1. Ragam beku (frozen); digunakan pada situasi hikmat dan sangat sedikit
memungkinkan keleluasaan seperti pada kitab suci, putusan pengadilan, dan
upacara pernikahan.
2. Ragam resmi (formal); digunakan dalam komunikasi resmi seperti pada pidato,
rapat resmi, dan jurnal ilmiah.
3. Ragam konsultatif (consultative); digunakan dalam pembicaraan yang terpusat
pada transaksi atau pertukaran informasi seperti dalam percakapan di sekolah
dan di pasar.
4. Ragam santai (casual); digunakan dalam suasana tidak resmi dan dapat
digunakan oleh orang yang belum tentu saling kenal dengan akrab.

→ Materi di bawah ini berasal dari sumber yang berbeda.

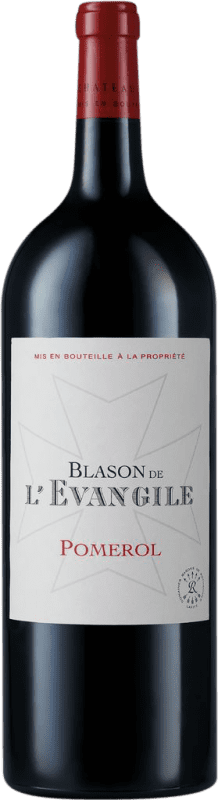 187,95 € Spedizione Gratuita | Vino rosso Château Lafite-Rothschild Blason de l'Evangile Secco A.O.C. Bordeaux bordò Francia Merlot, Cabernet Franc Bottiglia Magnum 1,5 L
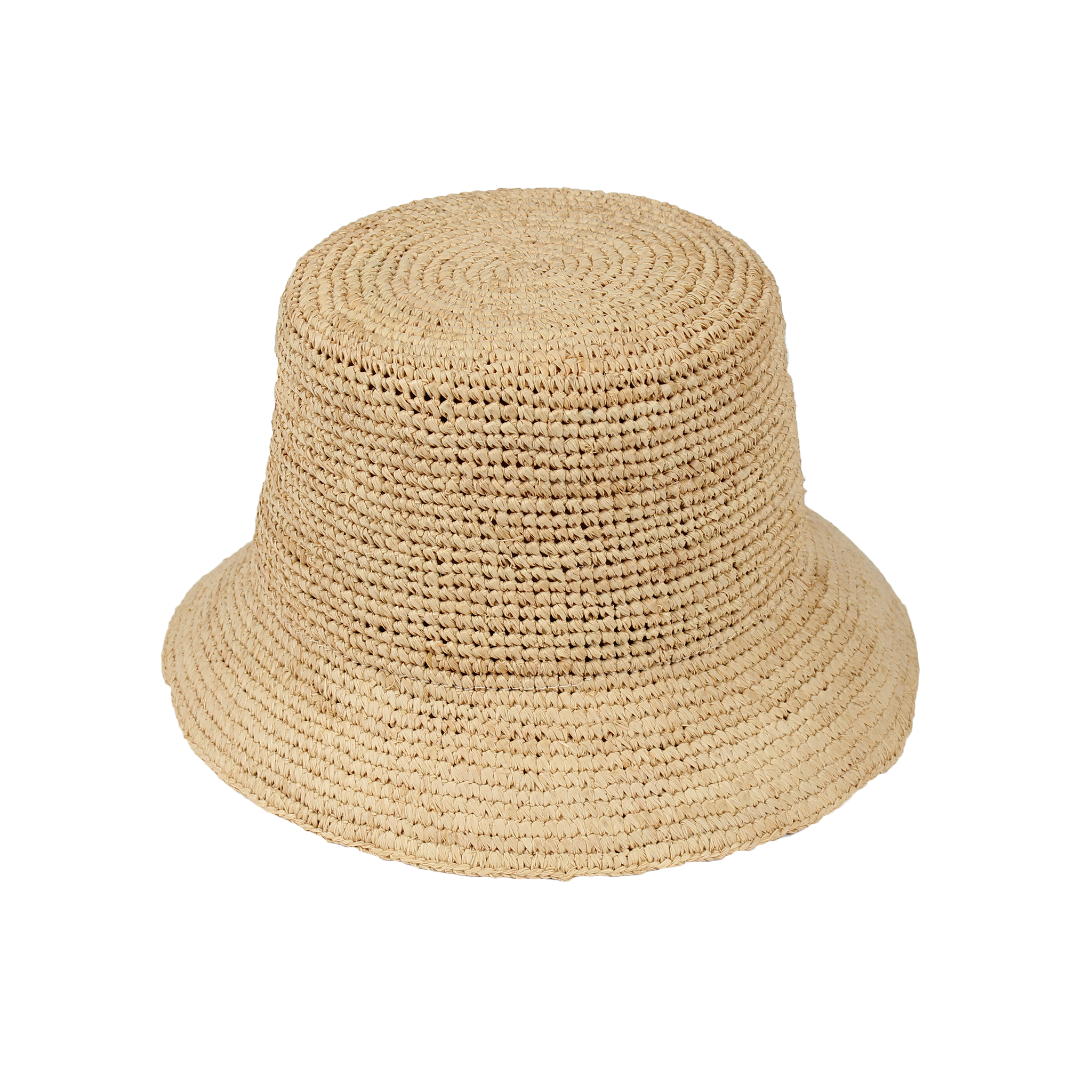 Raffia Crochet Bucket Hat Spring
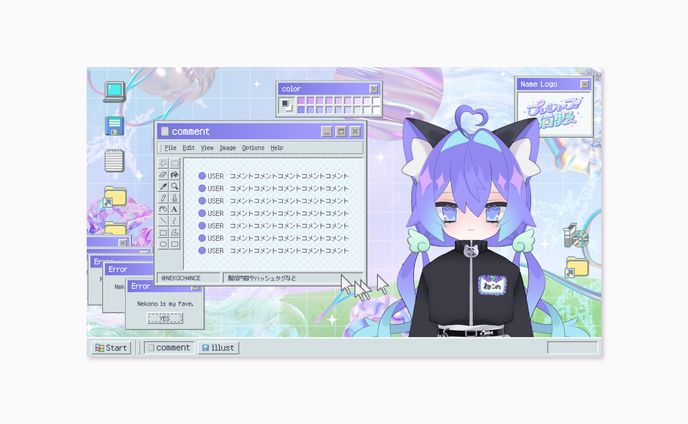 プレシャス猫野 配信画面
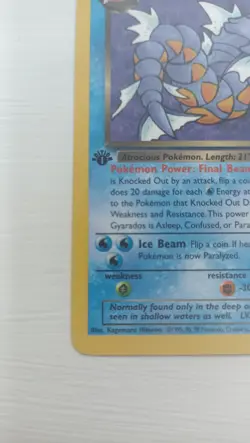 Dark Gyarados 25/82 1st Edition Rare Non Holo Pokemon Team Rocket WOTC Near Mint - Image 5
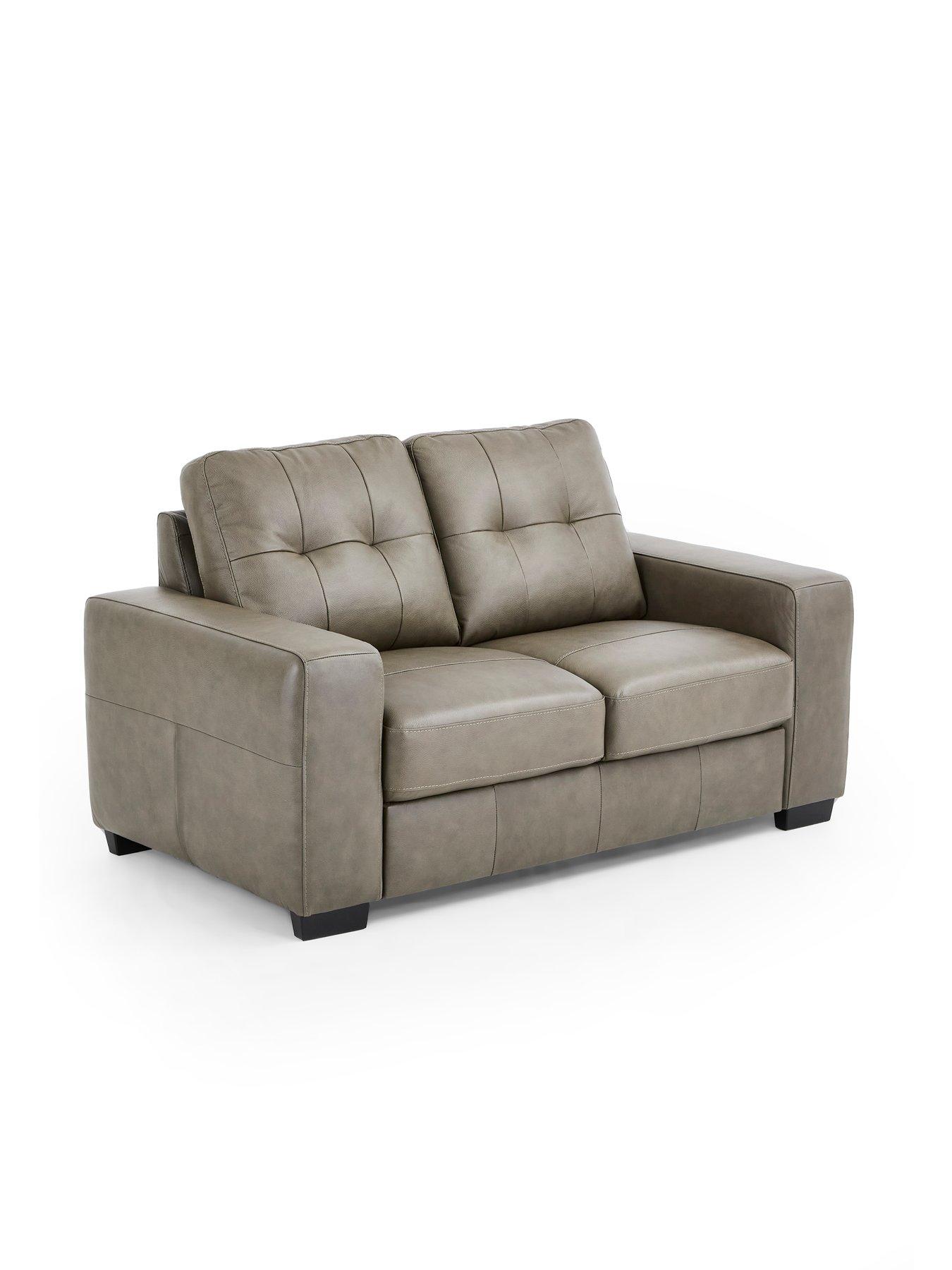 Image 3 of 7 of The Very Collection Miller Italian Leather 2 Seater Sofa - FSC&reg; Certified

5. Ragam akrab (intimate). digunakan di antara orang yang memiliki hubungan
yang sangat akrab dan intim.
contoh
Bahasa Indonesia yang Baik dan Benar:
Misalkan dalam pertanyaan sehari-hari dengan menggunakan bahasa yang baku
Contoh :
* Ketika dalam dialog antara seorang Guru dengan seorang murid
Pak guru : Hari, apakah kamu sudah mengerjakan PR?
Hari : sudah saya kerjakan pak.
Pak guru : baiklah kalau begitu, segera dikumpulkan.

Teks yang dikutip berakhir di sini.